- Born: June 23, 1972 (age 54) Amsterdam, Netherlands
- Citizenship: American
- Occupations: Dancer, choreographer
- Years active: 2005–present
- Spouse: Joshua Lancaster ​ ​(m. 2017; div. 2023)​

= Louis van Amstel =

Dutch-American dancer and choreographer

Louis van Amstel (born June 23, 1972, in Amsterdam) is a Dutch-American ballroom dance champion, professional dancer, and choreographer who appears on the American reality television series Dancing with the Stars.

==Early life==
Louis van Amstel was born in Amsterdam; his grandparents were competitive ballroom dancers. He began dancing at 10 and entered competitions at 15. He stopped attending school at 16 to pursue dancing full-time.

==Career==

===Early career===
Van Amstel competed professionally with Julie Fryer. They were coached by Ruud Vermeij. In 1990, Van Amstel and Fryer became Dutch Latin Champions and 10 Dance Champions. They also made the final in the 'under 21' category in Blackpool. During the same year, they received a bronze medal at the German Open, at the World Latin and at the European 10 Dance. In the Worlds 10 Dance Championship, Van Amstel and Fryer got fourth place.

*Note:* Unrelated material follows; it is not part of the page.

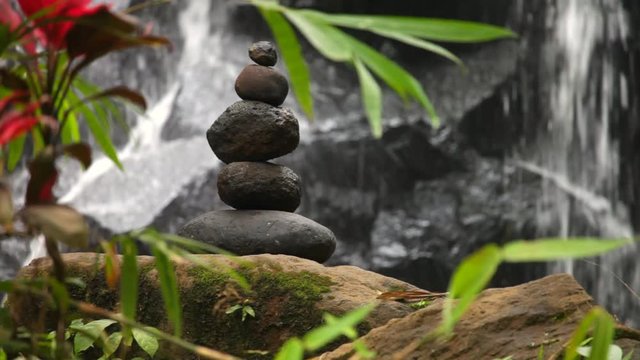 stack of balancing stones with waterfall stream in background in bali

In 1991, Van Amstel and Fryer won the national championships for the second time, and got fourth place in all major championships. A year later, Van Amstel decided that he wanted to retire from competing for a while and ended his partnership with Fryer for the first time. Three years later, in 1994, the partnership was re-established, and Van Amstel and Fryer went on to win three world Latin Dance championship gold medals in 1994, 1995 and 1996.

In 1997, Van Amstel retired from competitive ballroom dancing, moved to New York City, and became an American citizen in July 1999. He returned to competitive dancing with partner Karina Smirnoff; they won the United States national championship in 2000.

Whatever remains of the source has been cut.